Mas nosso personagem antes da fama como músico e comediante meteu a cara em incontáveis empregos (vendedor-ambulante, tecelão, pintor de paredes, serralheiro, encanador, entregador de marmitas) para as quais não demonstrava a menor vocação. Foi na realidade um retratista musical da sua cidade, um Noel Rosa paulista, guardadas as devidas proporções.
A sua iniciação artística deu-se nos anos 1930 como cantor - ainda com a voz melodiosa, antes dos pigarros e da rouquidão de uma boêmia intensa, repleta de muita cerveja, uísque e cachaça. Deixou-nos em 1982.
A gramática totalmente estropiada de Adoniran, quase inventando um novo idioma, soa tão espontânea e natural que muita gente chega a pensar que Arnesto (do Samba do Arnesto) é um nome próprio de verdade, em vez da corruptela de Ernesto.  Adoniran chegava a se orgulhar de ser citado nas escolas como exemplo de como não se devia escrever. Mas a gramática é mera questão de uso, o que é errado hoje pode ser regra amanhã.
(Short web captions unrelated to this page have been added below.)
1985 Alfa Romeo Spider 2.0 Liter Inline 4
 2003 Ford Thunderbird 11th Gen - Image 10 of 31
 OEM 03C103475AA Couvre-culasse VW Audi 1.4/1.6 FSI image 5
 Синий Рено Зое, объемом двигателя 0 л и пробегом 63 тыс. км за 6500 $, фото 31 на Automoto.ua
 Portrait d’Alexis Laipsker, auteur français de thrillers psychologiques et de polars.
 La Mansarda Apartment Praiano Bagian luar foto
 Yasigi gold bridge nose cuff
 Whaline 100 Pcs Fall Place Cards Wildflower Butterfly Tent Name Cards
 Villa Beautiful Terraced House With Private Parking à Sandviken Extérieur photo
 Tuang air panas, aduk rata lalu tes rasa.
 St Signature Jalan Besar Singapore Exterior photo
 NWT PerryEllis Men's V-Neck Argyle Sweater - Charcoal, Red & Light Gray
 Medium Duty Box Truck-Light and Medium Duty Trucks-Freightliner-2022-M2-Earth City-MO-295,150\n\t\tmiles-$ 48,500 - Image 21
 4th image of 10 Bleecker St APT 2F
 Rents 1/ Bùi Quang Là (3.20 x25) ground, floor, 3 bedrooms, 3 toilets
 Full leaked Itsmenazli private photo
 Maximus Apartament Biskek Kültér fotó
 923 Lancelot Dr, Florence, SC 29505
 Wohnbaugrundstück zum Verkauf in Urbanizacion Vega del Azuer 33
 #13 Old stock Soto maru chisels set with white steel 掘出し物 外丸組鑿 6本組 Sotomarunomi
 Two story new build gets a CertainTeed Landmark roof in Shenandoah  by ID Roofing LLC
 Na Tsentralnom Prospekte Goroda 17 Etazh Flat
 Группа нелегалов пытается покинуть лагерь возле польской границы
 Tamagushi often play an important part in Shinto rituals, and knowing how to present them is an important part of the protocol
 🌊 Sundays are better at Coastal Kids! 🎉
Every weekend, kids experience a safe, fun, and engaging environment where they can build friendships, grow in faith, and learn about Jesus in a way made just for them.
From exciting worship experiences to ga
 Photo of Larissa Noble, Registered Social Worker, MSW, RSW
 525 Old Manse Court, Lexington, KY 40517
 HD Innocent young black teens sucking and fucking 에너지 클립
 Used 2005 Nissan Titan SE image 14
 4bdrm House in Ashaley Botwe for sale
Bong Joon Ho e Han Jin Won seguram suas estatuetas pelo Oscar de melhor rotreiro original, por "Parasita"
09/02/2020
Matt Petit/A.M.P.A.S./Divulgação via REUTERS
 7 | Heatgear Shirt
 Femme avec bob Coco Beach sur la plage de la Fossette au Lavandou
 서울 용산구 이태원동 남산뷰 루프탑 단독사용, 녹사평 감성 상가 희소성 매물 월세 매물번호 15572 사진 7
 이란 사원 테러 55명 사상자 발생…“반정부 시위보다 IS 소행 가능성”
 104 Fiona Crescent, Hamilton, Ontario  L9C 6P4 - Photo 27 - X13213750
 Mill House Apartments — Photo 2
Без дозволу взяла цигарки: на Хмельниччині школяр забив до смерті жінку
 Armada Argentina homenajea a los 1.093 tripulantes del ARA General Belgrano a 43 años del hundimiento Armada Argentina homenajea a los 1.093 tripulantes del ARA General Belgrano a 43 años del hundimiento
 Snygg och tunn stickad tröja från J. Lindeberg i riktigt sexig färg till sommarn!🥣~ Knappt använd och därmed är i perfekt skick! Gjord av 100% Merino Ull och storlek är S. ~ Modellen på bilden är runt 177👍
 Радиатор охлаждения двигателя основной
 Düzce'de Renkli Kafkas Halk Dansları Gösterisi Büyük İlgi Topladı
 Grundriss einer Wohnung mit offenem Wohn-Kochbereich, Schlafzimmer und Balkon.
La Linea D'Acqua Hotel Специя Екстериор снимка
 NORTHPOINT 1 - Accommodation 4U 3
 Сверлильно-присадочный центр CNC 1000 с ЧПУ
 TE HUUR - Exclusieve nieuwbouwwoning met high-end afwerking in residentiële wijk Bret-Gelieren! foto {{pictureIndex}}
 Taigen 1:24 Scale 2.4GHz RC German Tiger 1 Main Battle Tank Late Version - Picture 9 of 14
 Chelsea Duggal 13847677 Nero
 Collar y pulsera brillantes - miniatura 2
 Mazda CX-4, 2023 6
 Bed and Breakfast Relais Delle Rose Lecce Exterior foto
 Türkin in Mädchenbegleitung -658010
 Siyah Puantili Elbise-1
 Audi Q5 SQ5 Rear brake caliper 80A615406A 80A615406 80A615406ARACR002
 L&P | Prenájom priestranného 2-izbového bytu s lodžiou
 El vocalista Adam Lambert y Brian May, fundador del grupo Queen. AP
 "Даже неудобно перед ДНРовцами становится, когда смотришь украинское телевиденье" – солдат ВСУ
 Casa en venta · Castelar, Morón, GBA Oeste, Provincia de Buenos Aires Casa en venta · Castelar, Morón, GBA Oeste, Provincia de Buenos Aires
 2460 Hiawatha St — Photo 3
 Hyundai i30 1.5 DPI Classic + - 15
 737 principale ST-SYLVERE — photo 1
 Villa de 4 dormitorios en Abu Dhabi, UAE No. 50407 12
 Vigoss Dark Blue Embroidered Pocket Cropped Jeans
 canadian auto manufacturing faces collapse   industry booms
Algumas curiosidades sobre ele:
- Uma das melhores coisas que aconteceram a Adoniran Barbosa foi estabelecer contato com o grupo vocal-instrumental  paulistano Demônios da Garoa - e vice-versa. Saudosa maloca que o diga. São raras as interpretações de músicas dele superiores às dos Demônios - exceto talvez Tiro ao Álvaro com Elis Regina e Trem das onze com Gal Costa.
- Em sua musicografia constam 151 títulos entre 78 rpm e elepês; 18 filmes (em  A super-fêmea contracenou com a nossa Verinha Fischer) e 11 telenovelas.
Final: Segundo o ensaísta Antônio Cândido, "foi um mágico, vindo dos carreadores de café para inventar no plano da arte a permanência da sua cidade e depois fugir, com ela e conosco, para a terra da poesia".